● **Work order**
For this exercise, repeat every line of the material exactly.

•••

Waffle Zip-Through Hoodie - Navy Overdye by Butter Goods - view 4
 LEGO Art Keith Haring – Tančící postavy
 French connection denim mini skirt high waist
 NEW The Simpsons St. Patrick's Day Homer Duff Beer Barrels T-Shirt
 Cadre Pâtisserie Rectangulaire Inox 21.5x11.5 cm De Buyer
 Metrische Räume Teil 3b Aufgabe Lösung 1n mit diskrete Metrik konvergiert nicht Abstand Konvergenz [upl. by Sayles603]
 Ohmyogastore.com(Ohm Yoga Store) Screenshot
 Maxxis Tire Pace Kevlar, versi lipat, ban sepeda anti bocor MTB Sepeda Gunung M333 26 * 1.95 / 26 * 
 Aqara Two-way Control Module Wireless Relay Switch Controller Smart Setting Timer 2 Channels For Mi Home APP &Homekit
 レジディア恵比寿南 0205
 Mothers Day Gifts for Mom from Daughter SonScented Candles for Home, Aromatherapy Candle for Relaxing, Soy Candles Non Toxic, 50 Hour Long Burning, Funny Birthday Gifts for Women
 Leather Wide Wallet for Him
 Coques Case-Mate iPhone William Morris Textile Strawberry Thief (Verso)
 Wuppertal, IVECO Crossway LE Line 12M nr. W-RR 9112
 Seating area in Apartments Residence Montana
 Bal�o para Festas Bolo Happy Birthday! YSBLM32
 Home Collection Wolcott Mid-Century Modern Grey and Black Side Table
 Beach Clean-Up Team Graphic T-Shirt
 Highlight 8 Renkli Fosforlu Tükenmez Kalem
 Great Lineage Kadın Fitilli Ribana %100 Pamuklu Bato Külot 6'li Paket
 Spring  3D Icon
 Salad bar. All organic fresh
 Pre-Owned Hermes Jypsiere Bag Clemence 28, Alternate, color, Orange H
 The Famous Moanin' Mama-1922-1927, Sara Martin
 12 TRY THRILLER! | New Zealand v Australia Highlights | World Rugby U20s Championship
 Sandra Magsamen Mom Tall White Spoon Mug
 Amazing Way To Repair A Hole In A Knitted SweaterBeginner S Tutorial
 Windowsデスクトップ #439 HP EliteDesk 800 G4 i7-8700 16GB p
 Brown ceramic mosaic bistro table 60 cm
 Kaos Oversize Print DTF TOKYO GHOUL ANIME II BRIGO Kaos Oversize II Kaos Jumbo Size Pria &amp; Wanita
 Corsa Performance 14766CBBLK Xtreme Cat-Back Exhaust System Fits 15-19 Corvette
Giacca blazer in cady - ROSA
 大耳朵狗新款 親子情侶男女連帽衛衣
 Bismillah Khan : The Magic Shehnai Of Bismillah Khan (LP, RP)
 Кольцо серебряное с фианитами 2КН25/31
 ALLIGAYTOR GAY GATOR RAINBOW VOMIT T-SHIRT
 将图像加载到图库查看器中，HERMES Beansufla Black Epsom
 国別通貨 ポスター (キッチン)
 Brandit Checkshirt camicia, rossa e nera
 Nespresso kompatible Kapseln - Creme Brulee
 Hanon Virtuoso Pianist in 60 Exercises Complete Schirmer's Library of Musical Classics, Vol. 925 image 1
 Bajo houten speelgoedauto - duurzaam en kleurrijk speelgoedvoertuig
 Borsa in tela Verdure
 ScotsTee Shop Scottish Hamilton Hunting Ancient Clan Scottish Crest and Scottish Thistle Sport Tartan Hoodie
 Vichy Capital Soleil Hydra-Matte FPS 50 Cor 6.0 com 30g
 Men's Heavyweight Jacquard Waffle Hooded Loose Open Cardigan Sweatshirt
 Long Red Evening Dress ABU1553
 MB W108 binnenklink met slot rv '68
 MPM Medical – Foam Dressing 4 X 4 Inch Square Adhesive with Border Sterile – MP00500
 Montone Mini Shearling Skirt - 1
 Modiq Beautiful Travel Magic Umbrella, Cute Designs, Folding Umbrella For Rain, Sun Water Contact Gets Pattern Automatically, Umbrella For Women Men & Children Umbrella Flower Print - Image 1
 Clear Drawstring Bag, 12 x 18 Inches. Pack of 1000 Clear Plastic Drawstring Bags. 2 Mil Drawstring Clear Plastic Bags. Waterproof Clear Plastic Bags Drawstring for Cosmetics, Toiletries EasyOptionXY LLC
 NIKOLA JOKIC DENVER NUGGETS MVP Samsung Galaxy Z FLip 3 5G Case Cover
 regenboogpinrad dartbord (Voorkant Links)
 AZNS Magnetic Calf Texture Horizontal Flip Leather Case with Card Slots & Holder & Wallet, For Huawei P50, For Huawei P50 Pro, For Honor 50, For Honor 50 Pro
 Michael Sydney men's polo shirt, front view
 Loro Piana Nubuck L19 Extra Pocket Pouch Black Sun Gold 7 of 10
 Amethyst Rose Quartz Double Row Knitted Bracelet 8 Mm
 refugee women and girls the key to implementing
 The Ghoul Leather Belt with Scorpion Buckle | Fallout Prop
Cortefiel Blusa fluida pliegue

•••

● **Exercise result**
Waffle Zip-Through Hoodie - Navy Overdye by Butter Goods - view 4
 LEGO Art Keith Haring – Tančící postavy
 French connection denim mini skirt high waist
 NEW The Simpsons St. Patrick's Day Homer Duff Beer Barrels T-Shirt
 Cadre Pâtisserie Rectangulaire Inox 21.5x11.5 cm De Buyer
 Metrische Räume Teil 3b Aufgabe Lösung 1n mit diskrete Metrik konvergiert nicht Abstand Konvergenz [upl. by Sayles603]
 Ohmyogastore.com(Ohm Yoga Store) Screenshot
 Maxxis Tire Pace Kevlar, versi lipat, ban sepeda anti bocor MTB Sepeda Gunung M333 26 * 1.95 / 26 * 
 Aqara Two-way Control Module Wireless Relay Switch Controller Smart Setting Timer 2 Channels For Mi Home APP &Homekit
 レジディア恵比寿南 0205
 Mothers Day Gifts for Mom from Daughter SonScented Candles for Home, Aromatherapy Candle for Relaxing, Soy Candles Non Toxic, 50 Hour Long Burning, Funny Birthday Gifts for Women
 Leather Wide Wallet for Him
 Coques Case-Mate iPhone William Morris Textile Strawberry Thief (Verso)
 Wuppertal, IVECO Crossway LE Line 12M nr. W-RR 9112
 Seating area in Apartments Residence Montana
 Bal�o para Festas Bolo Happy Birthday! YSBLM32
 Home Collection Wolcott Mid-Century Modern Grey and Black Side Table
 Beach Clean-Up Team Graphic T-Shirt
 Highlight 8 Renkli Fosforlu Tükenmez Kalem
 Great Lineage Kadın Fitilli Ribana %100 Pamuklu Bato Külot 6'li Paket
 Spring  3D Icon
 Salad bar. All organic fresh
 Pre-Owned Hermes Jypsiere Bag Clemence 28, Alternate, color, Orange H
 The Famous Moanin' Mama-1922-1927, Sara Martin
 12 TRY THRILLER! | New Zealand v Australia Highlights | World Rugby U20s Championship
 Sandra Magsamen Mom Tall White Spoon Mug
 Amazing Way To Repair A Hole In A Knitted SweaterBeginner S Tutorial
 Windowsデスクトップ #439 HP EliteDesk 800 G4 i7-8700 16GB p
 Brown ceramic mosaic bistro table 60 cm
 Kaos Oversize Print DTF TOKYO GHOUL ANIME II BRIGO Kaos Oversize II Kaos Jumbo Size Pria &amp; Wanita
 Corsa Performance 14766CBBLK Xtreme Cat-Back Exhaust System Fits 15-19 Corvette
Giacca blazer in cady - ROSA
 大耳朵狗新款 親子情侶男女連帽衛衣
 Bismillah Khan : The Magic Shehnai Of Bismillah Khan (LP, RP)
 Кольцо серебряное с фианитами 2КН25/31
 ALLIGAYTOR GAY GATOR RAINBOW VOMIT T-SHIRT
 将图像加载到图库查看器中，HERMES Beansufla Black Epsom
 国別通貨 ポスター (キッチン)
 Brandit Checkshirt camicia, rossa e nera
 Nespresso kompatible Kapseln - Creme Brulee
 Hanon Virtuoso Pianist in 60 Exercises Complete Schirmer's Library of Musical Classics, Vol. 925 image 1
 Bajo houten speelgoedauto - duurzaam en kleurrijk speelgoedvoertuig
 Borsa in tela Verdure
 ScotsTee Shop Scottish Hamilton Hunting Ancient Clan Scottish Crest and Scottish Thistle Sport Tartan Hoodie
 Vichy Capital Soleil Hydra-Matte FPS 50 Cor 6.0 com 30g
 Men's Heavyweight Jacquard Waffle Hooded Loose Open Cardigan Sweatshirt
 Long Red Evening Dress ABU1553
 MB W108 binnenklink met slot rv '68
 MPM Medical – Foam Dressing 4 X 4 Inch Square Adhesive with Border Sterile – MP00500
 Montone Mini Shearling Skirt - 1
 Modiq Beautiful Travel Magic Umbrella, Cute Designs, Folding Umbrella For Rain, Sun Water Contact Gets Pattern Automatically, Umbrella For Women Men & Children Umbrella Flower Print - Image 1
 Clear Drawstring Bag, 12 x 18 Inches. Pack of 1000 Clear Plastic Drawstring Bags. 2 Mil Drawstring Clear Plastic Bags. Waterproof Clear Plastic Bags Drawstring for Cosmetics, Toiletries EasyOptionXY LLC
 NIKOLA JOKIC DENVER NUGGETS MVP Samsung Galaxy Z FLip 3 5G Case Cover
 regenboogpinrad dartbord (Voorkant Links)
 AZNS Magnetic Calf Texture Horizontal Flip Leather Case with Card Slots & Holder & Wallet, For Huawei P50, For Huawei P50 Pro, For Honor 50, For Honor 50 Pro
 Michael Sydney men's polo shirt, front view
 Loro Piana Nubuck L19 Extra Pocket Pouch Black Sun Gold 7 of 10
 Amethyst Rose Quartz Double Row Knitted Bracelet 8 Mm
 refugee women and girls the key to implementing
 The Ghoul Leather Belt with Scorpion Buckle | Fallout Prop
Cortefiel Blusa fluida pliegue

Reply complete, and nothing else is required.